「ブラームス交響曲全集」CDレビュー

○レコード芸術 9月号で特選
宇野功芳氏、小石忠男両氏の推薦により、特選となりました。

○音楽の友 9月号
DISC SELECTIONにて、諸石幸雄、伊熊よし子、堀内修の3氏、全評論家が今月の推薦盤に。

○STEREO 9月号
ステレオ・ディスク・コレクション
歌崎和彦氏:特選盤 
「重厚無比なサウンドに圧倒されるベルリン・フィルのブラームス」
浅里公三氏:今月の話題盤
「各曲の性格も明確に表現した味わい豊かなブラームス」

○カプリース 9月号
表紙&巻頭特集にて
林田直樹氏レビュー
「何度繰り返し聴いても飽きることのない、含蓄にみちたブラームス」

ラトル最新インタビュー「ラトルが語るラヴェル」

2009年2月27日にベルリンにて行われたオフィシャル・インタビューより
3月18日にリリースするラヴェル「子供と魔法&マ・メール・ロワ」に関するインタビューを掲載いたします。

2009年2月27日於ベルリン・フィルハーモニー
聞き手・文:城所 孝吉(音楽評論・ベルリン在住)

●ラヴェルの《子供と魔法》、《マ・メール・ロワ》についてお聞きしたいと思います。両作品は、ラヴェルの子供時代と深い関わりを持っているように思われますが……。

サー・サイモン・ラトル(以下SSR)
「その側面は大変重要です。ラヴェルは大人になってから、家族と言えるものがありませんでした。これらの作品では、“失われた家族の姿”が投影されています。信じられないくらいに美しく、メランコリックな音楽ですよね。実際にはまったく存在しなかった“理想の子供時代”が表現されていると言えるかもしれません。《子供と魔法》では、大人としての知を得ることと、子供時代を喪失することが表現されています。両作品とも実に美しく、私自身本当に胸が張り裂けそうなほど感動します。ラヴェルはここで純粋さ、そしてある喪失について語っています。これはある意味では、ラヴェルとブラームスが出会う場所かもしれない。ふたりは互いに違いすぎるほど違った作曲家ですが、喪失と悔恨(失くしたものを悔やむこと)においては、非常に共通しています。そしてこのことは、ふたりにとって極めて辛く、悲しいことでした。」

●私があなたの解釈で最も美しいと思ったのは、絵本の王女様のシーンです。少年にとって王女様は最初に恋した相手なわけですが、ここで彼女はページの向こうに永遠に消えてしまいます。
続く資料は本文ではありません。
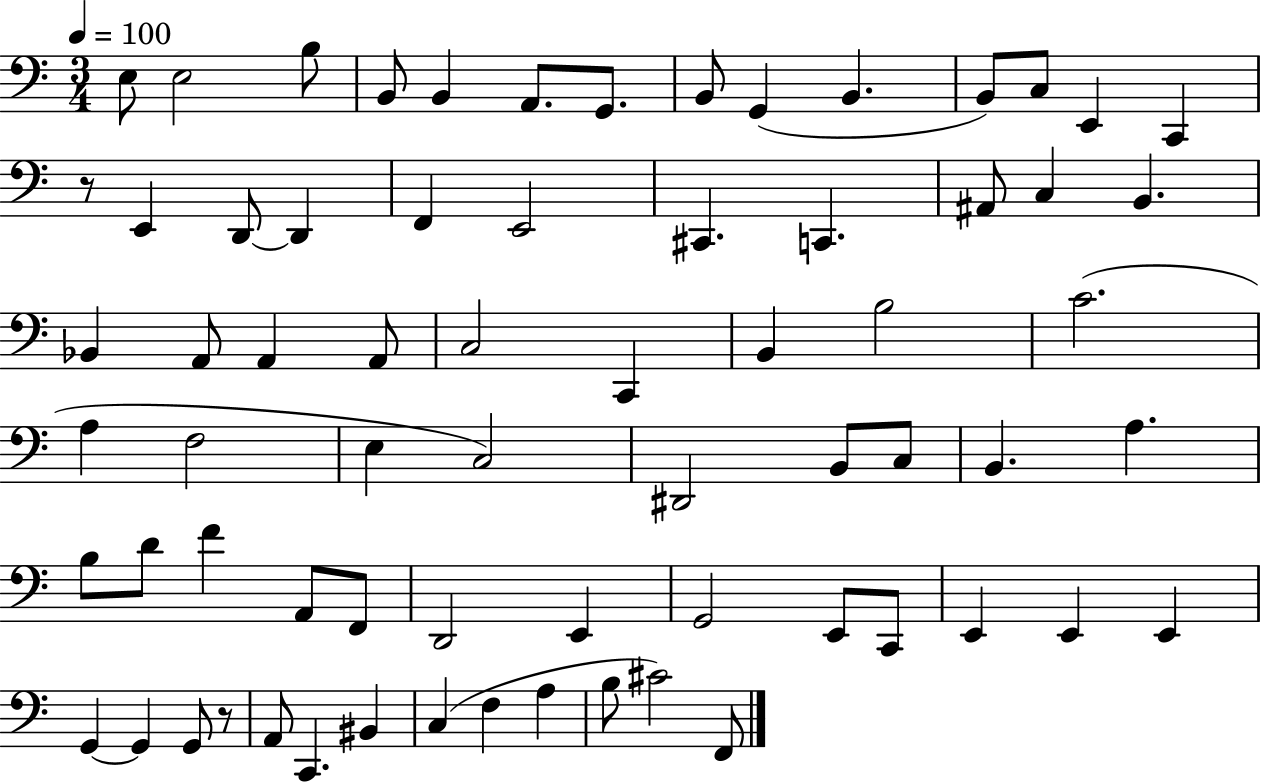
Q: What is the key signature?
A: C major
そのシーンは、作品全体を象徴しているように思われます。

SSR「子供時代の終わりの象徴ですよね。王女様はもう二度と帰ってきません。一体どうすればいいというのでしょう。大人として、子供時代が帰らないことに直面する瞬間です。このことについて、カラヤンが大変感動的で率直な言葉を発しています。カラヤンのエゴについては、時には理解を示してあげなければならないのではないでしょうか。それほど忘れがたいことなのですが、“若いときにはすべてが容易で人は鳥のようにさえずっていればいい。しかし年を取ると、人生の様々な荷が追いかぶさってくる。そうすると、昔の気楽なものの感じ方はできなくなって、鳥のように歌うことができなくなる”。カラヤンは、そう言ったのです。これは本当に真実ですし、また彼の本心だと思います。」

●ラヴェルは自分の子供時代やプライベートなことについて、ほとんど話したことがないようですね。記録も残っていませんが、これは実際特殊なことです。
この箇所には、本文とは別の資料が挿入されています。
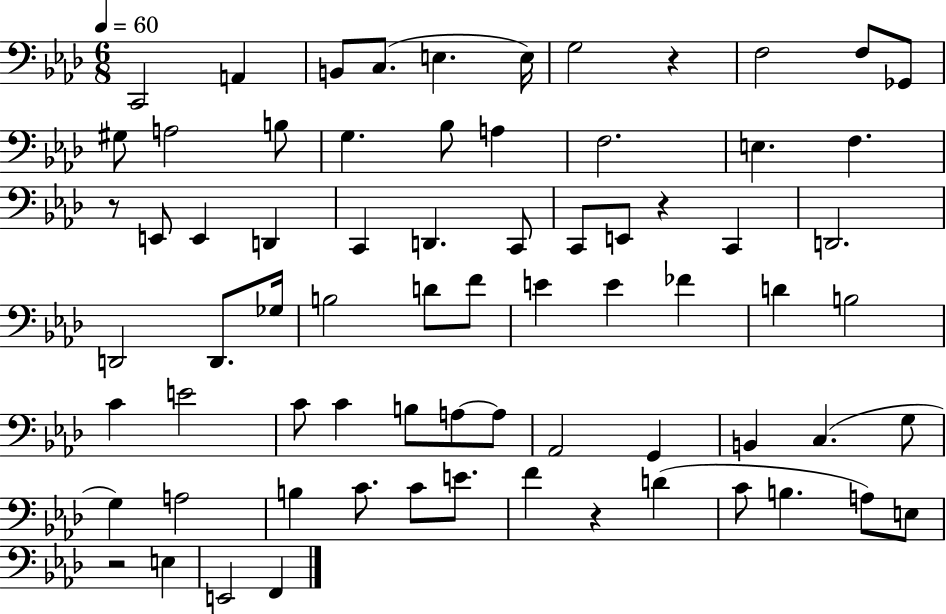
C2/h A2/q B2/e C3/e. E3/q. E3/s G3/h R/q F3/h F3/e Gb2/e G#3/e A3/h B3/e G3/q. Bb3/e A3/q F3/h. E3/q. F3/q. R/e E2/e E2/q D2/q C2/q D2/q. C2/e C2/e E2/e R/q C2/q D2/h. D2/h D2/e. Gb3/s B3/h D4/e F4/e E4/q E4/q FES4/q D4/q B3/h C4/q E4/h C4/e C4/q B3/e A3/e A3/e Ab2/h G2/q B2/q C3/q. G3/e G3/q A3/h B3/q C4/e. C4/e E4/e. F4/q R/q D4/q C4/e B3/q. A3/e E3/e R/h E3/q E2/h F2/q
SSR「ラヴェルは、プライベートなことについては非常に秘密主義でした。我々はどの作曲家についても、大抵のことは何でも知っています。シューベルト等については、知るべきでないほどプライベートなことまで知っているわけです。しかしラヴェルに関しては、彼の感情生活(とりわけ恋愛関係)がどのようなものだったのかは、ほとんど分かっていない。私は、彼のぜんまい仕掛けのおもちゃの鳥を見ると、ラヴェルの心臓の音が聞こえるような気がします。パリ郊外の彼の家と、あの山のような……」

●おもちゃですね。

SSR「それと靴です。イメルダ・マルコス夫人と双璧、とも言えるようなコレクション。彼はそうした内に秘めた感情を、すべて音楽のなかに込めたのでした。我々は彼のことを知らないわけですが、おそらく信じられないほど悲しい人だったのだと思います。」

●彼がぜんまい仕掛けのおもちゃに関心を持っていた、というのは興味深い事実ですね。

SSR「もちろんです。彼は機械に非常に魅せられていました。」

●彼は人とドライブしている時にある工場を指して、「これは《ボレロ》の工場だよ」と言ったりしたそうですね。例えばストラヴィンスキーも、彼のことを「スイス時計作り」と呼んでいます。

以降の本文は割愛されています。